I shouldn’t have been thinking that, yet I hadn’t been able to stop. And then things had gotten worse when I’d produced the rings — hers with sapphires for her eyes, because again, I’d thought she deserved something pretty — and she’d stared at me in surprise. It had given me a kick of illicit satisfaction, that surprise, another thing I shouldn’t be feeling.
Fuck, I should have gotten rid of her the same time I’d gotten rid of Charlotte. Called her an Uber and sent her back to work, let it all be done with.
But I hadn’t. I’d pushed Charlotte out the door instead.
So now we were here, alone. And I was furious. With her and with myself for being at the mercy of own my fucking dick, unable to turn her away when I knew I should. Wanting to show her the consequences of pushing me, because she needed to know that it was a very . Bad . Idea .
I hadn’t needed to give her the truth, but I’d demanded the truth from her, and since I wasn’t going a fucking hypocrite, I’d told her about my father. And now she knew, she’d at least understand why there couldn’t be more between us than the empty vows we’d said and the rings that meant nothing on our fingers.
“You want to own me,” she echoed, as if the words had no meaning.
“Yes,” I said. “And given what happened to my mother, you’ll appreciate why I can’t have anything more to do with you.”
Rowan’s dark brows drew down. She was still holding the peonies, the white silk of her wedding gown clinging to her curves, the silvery fall of the veil falling down her back, her glossy black hair gleaming beneath it.
Your virgin bride. Yours.
The muscle in the side of my jaw flexed as I ignored the thought.

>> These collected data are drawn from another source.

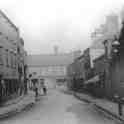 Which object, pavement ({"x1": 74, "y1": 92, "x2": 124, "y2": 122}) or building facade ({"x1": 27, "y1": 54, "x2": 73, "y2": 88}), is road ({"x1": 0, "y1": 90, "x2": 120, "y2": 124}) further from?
building facade ({"x1": 27, "y1": 54, "x2": 73, "y2": 88})

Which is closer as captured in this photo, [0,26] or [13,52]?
[0,26]

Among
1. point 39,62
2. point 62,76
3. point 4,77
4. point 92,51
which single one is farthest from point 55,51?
point 4,77

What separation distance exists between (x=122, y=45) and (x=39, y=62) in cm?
8794

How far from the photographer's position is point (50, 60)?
118 m

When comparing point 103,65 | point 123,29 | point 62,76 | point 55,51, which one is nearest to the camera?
point 123,29

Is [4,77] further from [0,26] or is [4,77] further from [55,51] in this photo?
[55,51]

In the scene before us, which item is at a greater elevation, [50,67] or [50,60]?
[50,60]

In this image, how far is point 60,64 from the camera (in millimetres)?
114375

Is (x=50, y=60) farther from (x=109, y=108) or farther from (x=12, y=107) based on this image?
(x=109, y=108)

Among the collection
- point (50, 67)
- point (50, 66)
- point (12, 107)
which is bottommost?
point (12, 107)

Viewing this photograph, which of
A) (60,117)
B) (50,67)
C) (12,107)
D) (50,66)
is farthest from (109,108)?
(50,66)

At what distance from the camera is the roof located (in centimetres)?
11550

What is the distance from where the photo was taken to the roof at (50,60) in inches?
4547

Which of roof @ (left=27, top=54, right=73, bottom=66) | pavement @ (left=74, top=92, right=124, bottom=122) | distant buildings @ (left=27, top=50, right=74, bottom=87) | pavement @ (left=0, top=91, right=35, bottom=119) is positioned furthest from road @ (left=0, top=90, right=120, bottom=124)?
roof @ (left=27, top=54, right=73, bottom=66) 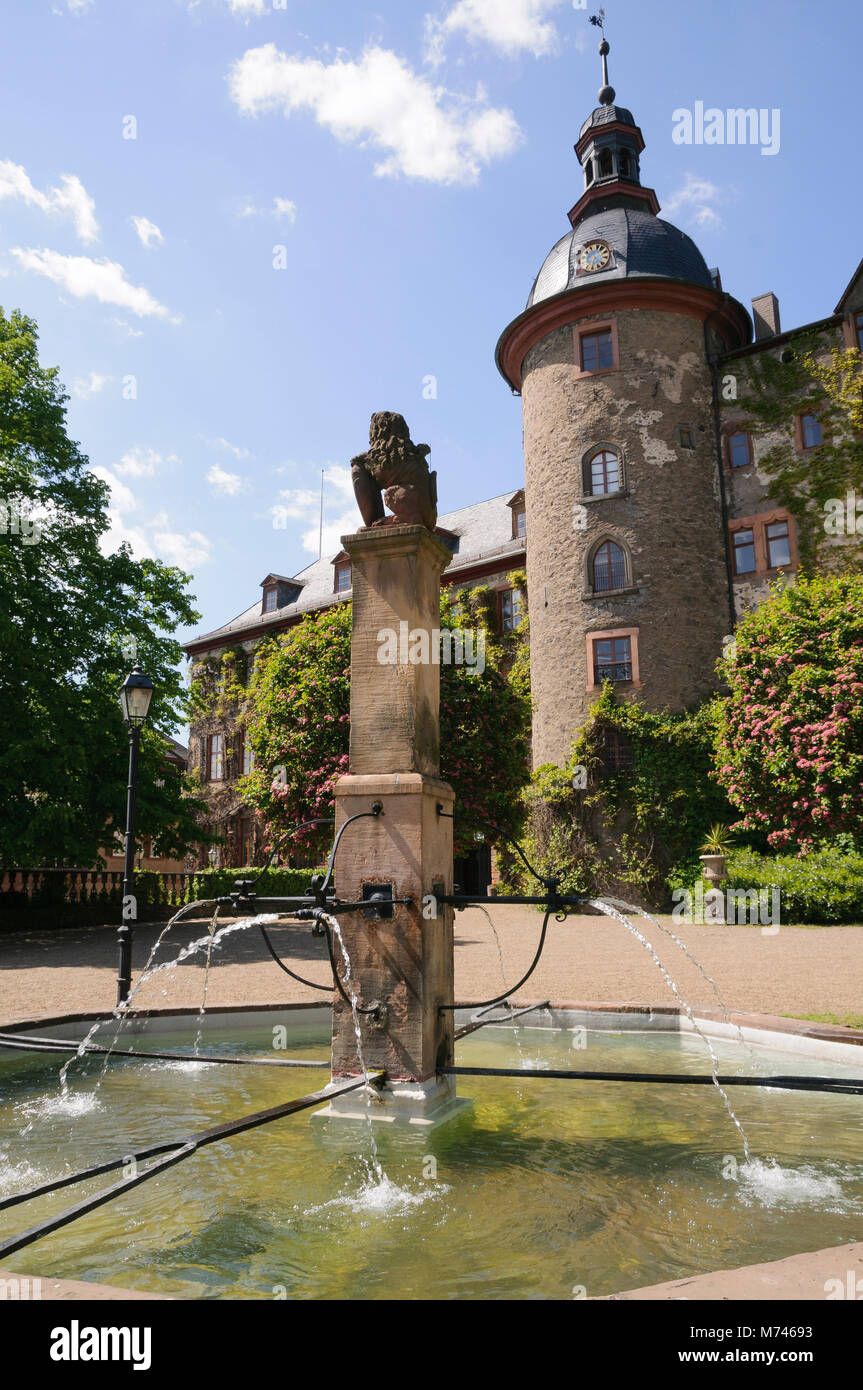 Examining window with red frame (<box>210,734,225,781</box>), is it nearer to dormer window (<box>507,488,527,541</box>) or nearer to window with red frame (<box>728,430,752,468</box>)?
dormer window (<box>507,488,527,541</box>)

“I don’t understand,” she said. “I’m very sorry about your mother, that must have been awful. But I’m not her and you’re nothing like your father.”
“No. But I am nearly twenty years older than you and have exponentially more experience, and I….” My hands were clenched into fists so I tried to relax them. “Want to do things to you that I should not want to do.”
Rowan’s dark gaze searched my face. There was no temper there now, just puzzlement. “What things? What does owning me even mean?”
There was no point trying to sugarcoat it so I didn’t. “You doing whatever I want, whenever I want,” I said. “No arguments, no protests. No compromise. You’re mine and only mine, body and soul.”
She blinked, long, silky lashes fluttering. “That doesn’t sound…too terrible.”
Yeah, she didn’t get it, not at all.
“You think so?” I held her gaze. “Everything will revolve around me, beauty. You are there for my pleasure and my pleasure alone. What you want is irrelevant. In other words, I have ultimate control of you. You’re my property, to do what I want with. That’s what owning something means.”
Her gaze wavered. “Oh.”
“And when it comes to sex, my way goes,” I went on, laying it all out for her so she knew exactly what she was getting into. Saying out loud the fantasies that I’d never let myself have, not with anyone. “I want you adoring me. I want you obsessed with me. I want you to submit to me, do whatever I tell you to do. I want you to be my little fuck toy that I get to play with when the mood takes me, and you don’t get to tell me no. You don’t get to deny me anything at all. Everything is about me. Everything. ”
A silence fell and I let it sit there. Let her process exactly what I was saying.
“Um…so…why me?” she asked eventually. “Surely you must have…uh…owned someone else before?”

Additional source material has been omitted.